I show her my visiting card. This is fine. She writes my name on the form.
I point to my Moscow number on the card. She writes it, slowly, saying each of the ten digits aloud: "zero . . . nine . . . six . . . one."
At this point we are interrupted.
"Pardon me," a woman wants to ask a quick question about price. Out comes the binder again. She turns a page. She turns a page. She turns a page.
Bored now and still sweating profusely, I get 1010 rubles out of my purse, ready to pay my 710 rubles and make the change situation easy.
The interloper has her information and leaves. Ludmilla returns to the receipt process.
She writes in the date of drop off and the date of pick up. She writes what seems to me to be a description of the item. It goes on. And on. And on. From time to time she picks up the coat and examines it, and then writes another paragraph. WHAT IS SHE WRITING? The Great Russian Novel?
She finds a worn spot in the lining. Obviously, this is where I sat, probably while driving. Not good news, as this is only going to get worse. I have no idea where to get the coat relined in Moscow. But okay. Defect noticed and documented. I won't be able to cry foul later when I pick it up.
It is now 3:00 sharp.
She is still writing.
After what seems to me to be another full ten minutes (but was probably more like another 60 seconds), she puts down her pen.
"710 rubles," she says.
I hand her my 1010 rubles. She sets it carefully on the counter and finds her cash box. It is a small, plastic box, like a piece of Tupperware without the lid.
She begins to count out change for me . . . "One hundred . . . two hundred . . . "
She stops. She doesn't have change. She doesn't have 300 rubles to give me. I have some other money, but not something that works with her change box scenario.
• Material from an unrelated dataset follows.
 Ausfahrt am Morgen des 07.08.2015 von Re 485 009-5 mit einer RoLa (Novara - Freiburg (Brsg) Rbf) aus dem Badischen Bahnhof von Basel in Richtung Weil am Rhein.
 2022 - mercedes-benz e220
I turn towards the cheese counter behind me. Surely this is a common occurrence. Surely the grocery store will make change for her. I raise my eyebrows towards the cheese counter.
As if reading my mind, Ludmilla brightens.
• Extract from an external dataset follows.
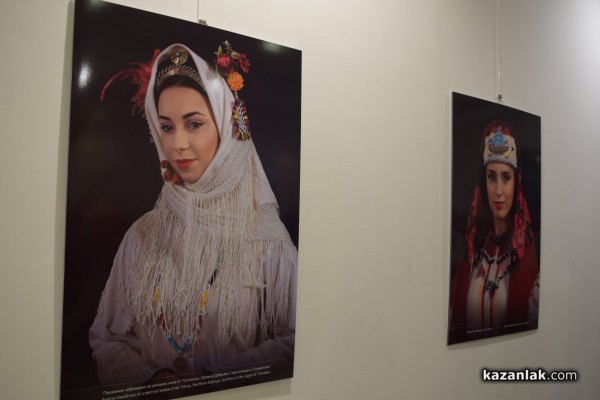 Фотоизложба на Регионална Занаятчийска Камара Пловдив с куратор Стоян Маринов гостува в Казанлък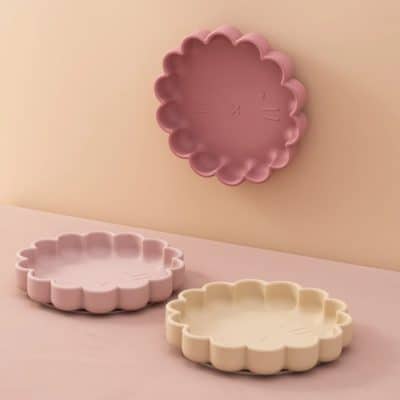 Cute pink and beige Hello Kitty-shaped silicone trays, perfect for cosmetics or small storage, displayed on a soft pink surface. Ideal for organizing essentials with a playful design.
"Why don't you BUY something from the shop so they will give you change."
Please, God, no. Anything but this.
What I want now, is a Diet Coke. But still ouchy from my last attempt to buy one, and dubious that my attempt to purchace a 30-ruble item with a 500-ruble note will be met with smiles and flowers, I reject that idea.
Okay . . .
There's a line in front of the part of the store where they sell vodka. I really can't wait that long.
Cheese counter it is. We WERE out of cheese. I had just used the last of it this very morning, making eggs for The Spouse. I could use cheese. I guess.
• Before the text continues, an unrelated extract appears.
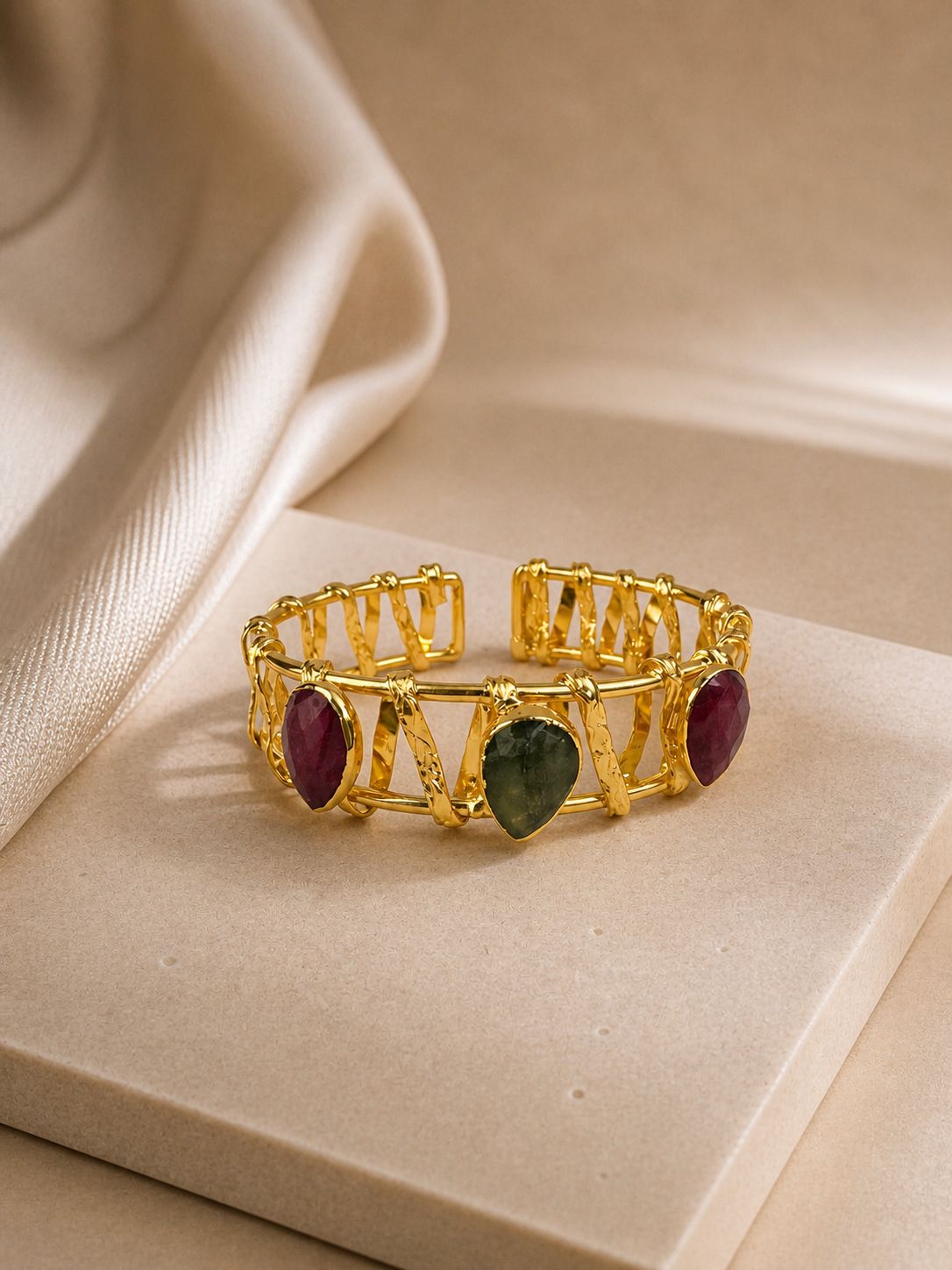 Royal Stone Adjustable Bracelet with Root Ruby and Labradorite Stones – 14K Gold Plated on Brass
I approach the cheese counter. Cheese Lady stands up and eyes me warily. I stab at the glass case with my index finger.
"This . . . cheese . . . please." I smile hopefully.
On her side of the display case Cheese Lady miraculously points to the very cheese I want.
"You want the WHOLE thing?" She is incredulous. The crazy American woman is buying an entire package of cheese. It must weigh . . . a whole 500 grams! (That's roughly a pound, for you non-metric types. And while I am digressing, I will confess that, in the interest of artistic integrity, I fished the wrapping out of the garbage can, where it was already buried beneath the children's uneatten penne, so as to make this entry just that much more real for you. I care that much.)
"Da. Whole thing," I tell Cheese Lady.
She snorts. "Well, it's your rubles . . . "
She weighs the cheese. It costs 249 rubles. I have a 500. I set that on the counter and say "I have nine . . ." as I start to count out nine rubles.
"FORGET THE NINE!" she barks. Okay, okay! Sheesh. I collect my cheese and my change.
So the rest is boring. I took back my 1000-ruble note and gave Ludmilla a 500-ruble note and two 100-ruble notes. She still had the ten-ruble note on the counter. She finished writing War and Peace on the receipt. Without the coat, but now armed with a cheese, I was not that late to collect the children.
P.S. I stopped at the liquor store on the way home. To get, you know, vodka.